The report’s authors provided recommendations to prevent overdose deaths and suicides, such as improved intake screening, new policies regarding observational rounds, as well as uniform medical treatment. But the authors wrote that implementation of new safety procedures were delayed by 66 North Carolina sheriffs and the North Carolina Sheriffs’ Association, a significant lobbying force in state politics. To delay the implementation, each sheriff signed a personal letter stating that adoption of new jail procedures would “be subject to a delayed effective date.” 

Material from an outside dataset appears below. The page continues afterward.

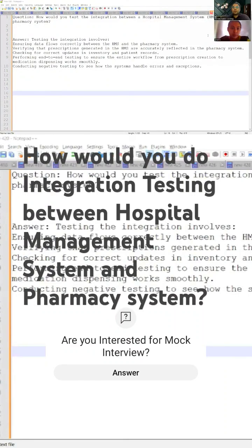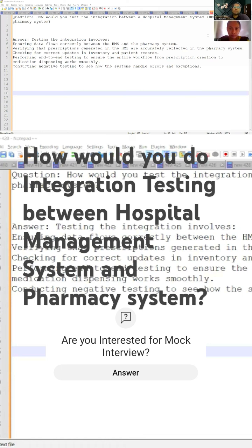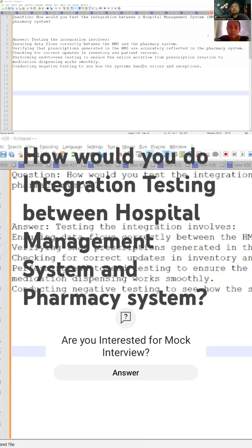There are two systems between which the integration is happening: hospital management system and the pharmacy system. As part of integration testing, what you will do is ensure the data is flowing correctly between the two systems. When you say data flow, that is integration testing. In an interview, you have to use these words - data flows. In an interview, it would be very important what is the choice of words that you are using for giving answers.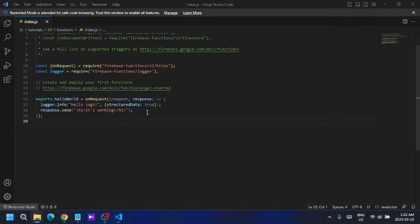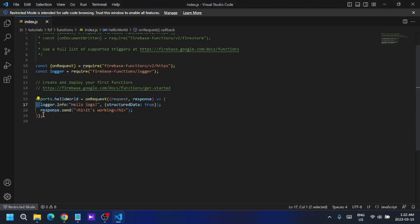Hello guys, this is the second video tutorial in a Firebase Cloud Function series. In this series we are using Firebase Cloud Functions version 2. Last video we saw how to create and deploy a cloud function to our server. If you haven't seen that tutorial, I recommend you watch it because it covers how to implement Firebase and cloud functions into a project. In this tutorial I'm going to show you how to use cloud functions to manage your database.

Pollitt says the move by the sheriffs’ association means new rules and procedures could be delayed for over a year. “The current rules are 25 years old,” she said. “Our research and investigation showed these rules are not keeping people safe. And the new rules proposed by [Department of Health and Human Services] are minimal and ordinary rules that many states have adopted or are adopting.”  

“The sheriffs are a powerful association and they could move North Carolina forward and stand up and recognize that there are changes in the jails that need to happen, and they could make that happen,” Pollitt said. 

Eddie Caldwell, executive vice president of the North Carolina Sheriffs’ Association, told the News & Observer that some of the recommendations were not “feasible.” 

The  association did not respond to requests for comment from The Appeal. 

“If we want to reduce jail suicides, we don’t just need more oversight of local jails,” Betram of the Prison Policy Initiative said. “We also need to demand that police departments and prosecutors send fewer people to jail in the first place.”